Lines before the one containing "Don't Go Bacon" are left out; that line and all after it, through the end of the records, must be transcribed exactly.

- - - -

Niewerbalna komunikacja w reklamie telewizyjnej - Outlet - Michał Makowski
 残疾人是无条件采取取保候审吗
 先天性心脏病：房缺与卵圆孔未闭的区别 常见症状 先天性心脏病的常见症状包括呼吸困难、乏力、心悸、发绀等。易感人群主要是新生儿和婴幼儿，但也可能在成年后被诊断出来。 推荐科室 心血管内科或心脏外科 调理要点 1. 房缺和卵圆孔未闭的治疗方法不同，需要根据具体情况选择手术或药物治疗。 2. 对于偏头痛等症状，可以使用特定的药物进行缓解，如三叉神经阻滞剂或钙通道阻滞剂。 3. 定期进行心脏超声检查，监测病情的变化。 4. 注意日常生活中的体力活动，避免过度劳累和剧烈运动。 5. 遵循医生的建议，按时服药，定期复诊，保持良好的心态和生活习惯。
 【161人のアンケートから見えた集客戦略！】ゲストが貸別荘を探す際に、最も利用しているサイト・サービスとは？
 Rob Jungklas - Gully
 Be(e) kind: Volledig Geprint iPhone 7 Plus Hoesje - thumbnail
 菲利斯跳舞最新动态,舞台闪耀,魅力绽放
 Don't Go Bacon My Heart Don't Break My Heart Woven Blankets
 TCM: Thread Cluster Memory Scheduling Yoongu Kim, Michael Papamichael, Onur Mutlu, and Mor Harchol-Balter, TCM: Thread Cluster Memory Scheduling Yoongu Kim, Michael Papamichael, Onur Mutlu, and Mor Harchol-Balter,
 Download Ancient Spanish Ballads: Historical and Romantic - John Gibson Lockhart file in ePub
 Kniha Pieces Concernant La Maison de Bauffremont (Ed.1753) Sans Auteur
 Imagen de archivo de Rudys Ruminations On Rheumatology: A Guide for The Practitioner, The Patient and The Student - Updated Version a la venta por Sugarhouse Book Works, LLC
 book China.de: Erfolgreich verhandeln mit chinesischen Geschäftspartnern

- - - -

RESPONSE:
 Don't Go Bacon My Heart Don't Break My Heart Woven Blankets
 TCM: Thread Cluster Memory Scheduling Yoongu Kim, Michael Papamichael, Onur Mutlu, and Mor Harchol-Balter, TCM: Thread Cluster Memory Scheduling Yoongu Kim, Michael Papamichael, Onur Mutlu, and Mor Harchol-Balter,
 Download Ancient Spanish Ballads: Historical and Romantic - John Gibson Lockhart file in ePub
 Kniha Pieces Concernant La Maison de Bauffremont (Ed.1753) Sans Auteur
 Imagen de archivo de Rudys Ruminations On Rheumatology: A Guide for The Practitioner, The Patient and The Student - Updated Version a la venta por Sugarhouse Book Works, LLC
 book China.de: Erfolgreich verhandeln mit chinesischen Geschäftspartnern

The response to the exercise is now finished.